Whether it’s Accenture, Forrester, or Gartner, everyone seems to be telling you how important digital transformation is, and painting a glowing future of what life will be like once you implement it. But just what’s involved in a digital transformation?
It’s particularly important for CIOs to take the initiative in such projects, because recent studies have shown that CIOs are too busy keeping the lights on to tackle such projects. Consequently, people like the Chief Marketing Officer (CMO) are tackling these projects—and getting the credit, according to a recent study by the Altimeter Group. “CMOs lead digital transformation initiatives at 34 percent of the companies surveyed, followed by CEOs (27 percent), CIOs or CTOs (19 percent), and chief digital officers (15 percent), according to the report,” writes Matt Kapko for CIO.
CIOs are more likely sit on the sidelines, because their agendas are already full with a project backlog, Kapko writes. “There’s an aspect of being in IT that is always looking in the past, or at least working in the past,” according to Altimeter’s Brian Solis, principal analyst. Conversely, CMOs live and die by how successful they are in reaching new customers, driving sales and conversions, he adds.
Moreover, digital transformation projects have the potential to transform the IT department, and the entire organization, as well, according to a study from Sungard AS and Vanson Bourne. “The vast majority of IT directors (85 percent) reported that they picked up new skills and their jobs were made more exciting by digital transformation,” writes Pedro Hernandez in Datamation. “The benefits also ripple across the general workforce the study found. End-users are more productive (60 percent) and enjoy increased staff mobility (52 percent). Overall, successful digital transformation projects have increased revenue, improved customer satisfaction, and enhanced agility for approximately 40 percent of companies.” In addition, 41 percent of the companies Altimeter surveyed reported an increase in market share, while 37 percent said employee morale was improving.

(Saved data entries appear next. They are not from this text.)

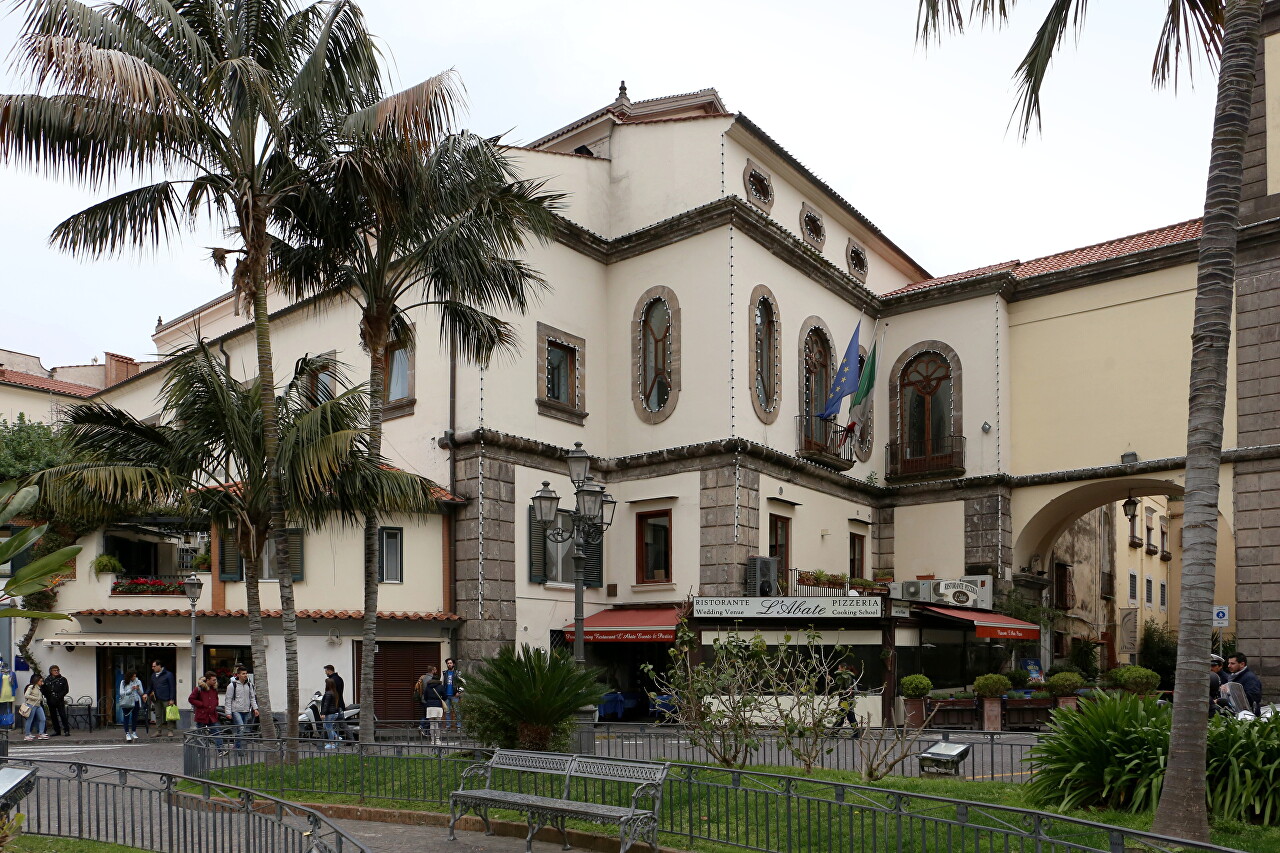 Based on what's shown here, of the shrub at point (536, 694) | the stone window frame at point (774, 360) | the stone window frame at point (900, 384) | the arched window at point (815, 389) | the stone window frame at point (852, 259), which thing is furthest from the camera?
the stone window frame at point (852, 259)

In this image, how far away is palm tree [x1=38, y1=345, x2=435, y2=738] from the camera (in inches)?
571

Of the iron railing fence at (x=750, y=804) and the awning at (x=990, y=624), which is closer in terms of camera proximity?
the iron railing fence at (x=750, y=804)

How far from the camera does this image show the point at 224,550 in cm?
2422

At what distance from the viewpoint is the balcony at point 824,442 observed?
27.2 meters

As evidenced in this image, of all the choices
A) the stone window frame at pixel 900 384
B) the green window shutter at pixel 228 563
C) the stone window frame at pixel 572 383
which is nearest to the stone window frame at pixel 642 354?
the stone window frame at pixel 572 383

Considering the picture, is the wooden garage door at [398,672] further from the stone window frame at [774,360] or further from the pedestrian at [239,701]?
the stone window frame at [774,360]

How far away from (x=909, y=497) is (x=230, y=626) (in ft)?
56.2

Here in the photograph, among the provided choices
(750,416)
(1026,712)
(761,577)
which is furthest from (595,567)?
(1026,712)

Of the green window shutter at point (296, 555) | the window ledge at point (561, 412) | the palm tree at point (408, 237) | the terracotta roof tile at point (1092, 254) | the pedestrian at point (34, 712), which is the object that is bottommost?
the pedestrian at point (34, 712)

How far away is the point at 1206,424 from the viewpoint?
30.6 ft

All that’s great, but what is digital transformation and how do you do it? It’s one of those things where everyone has a different definition and everyone has a different process.

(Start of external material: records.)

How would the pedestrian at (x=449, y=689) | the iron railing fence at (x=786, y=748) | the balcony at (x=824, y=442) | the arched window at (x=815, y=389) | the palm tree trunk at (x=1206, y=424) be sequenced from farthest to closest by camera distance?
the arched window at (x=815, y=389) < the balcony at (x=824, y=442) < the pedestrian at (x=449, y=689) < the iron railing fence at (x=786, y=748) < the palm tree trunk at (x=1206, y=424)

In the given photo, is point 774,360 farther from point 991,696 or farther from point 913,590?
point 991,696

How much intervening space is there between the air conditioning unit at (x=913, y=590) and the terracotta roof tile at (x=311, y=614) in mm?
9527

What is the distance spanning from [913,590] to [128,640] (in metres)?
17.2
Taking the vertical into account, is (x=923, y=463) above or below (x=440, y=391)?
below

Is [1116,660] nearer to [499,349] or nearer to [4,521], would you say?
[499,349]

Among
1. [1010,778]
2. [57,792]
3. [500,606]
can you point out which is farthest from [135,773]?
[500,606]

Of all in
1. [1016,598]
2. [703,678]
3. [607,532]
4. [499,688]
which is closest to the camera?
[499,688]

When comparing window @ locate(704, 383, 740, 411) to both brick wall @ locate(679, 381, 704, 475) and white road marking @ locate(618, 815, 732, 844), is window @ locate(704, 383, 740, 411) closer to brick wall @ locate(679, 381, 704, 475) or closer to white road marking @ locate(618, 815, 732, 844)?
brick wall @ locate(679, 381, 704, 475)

Solis defines it as “The realignment of or investment in new technology, business models, and processes to drive value for customers and employees and more effectively compete in an ever-changing digital economy,” writes Vala Afshar in the Huffington Post. He goes on to define six steps:
- Business as Usual
- Present and Active, where there are pockets of innovation
- Formalized, with intentional experimentation
- Strategic, where individual groups begin to collaborate
- Converged, where there is a dedicated digital transformation team
- Innovative and Adaptive, where digital transformation is a way of life
In contrast, OpenMatters defines a five-step process in the Harvard Business Review that it calls PIVOT:
- Pinpoint where you are by identifying your current assets
- Inventory your company assets
- Visualize a new future where you imagine where you can collaborate with external networks
- Operate a pilot project
- Track the progress of the pilot project
Organizations such as CapGemini, McKinsey Consulting, and MIT Sloan have even more elaborate (and longer) steps listed for digital transformation. But despite the different lengths and descriptions, they have some points in common, according to the Enterprisers Project.
“These digital transformation elements are often cited:
- Customer experience
- Operational agility
- Culture and leadership
- Workforce enablement
- Digital technology integration
“CIOs should look for those important shared themes when developing their own digital transformation strategy.”
The two important things to remember about digital transformation?
- It’s a journey, not a destination
- It affects the entire organization, not just a silo
“In a digital business transformation context, all these aspects: business functions, processes, activities, assets, models, and activities are interconnected,” writes Mark Edmead in CIO. “This is an essential aspect of digital transformation: the inter dependency and inter-contentedness of everything.”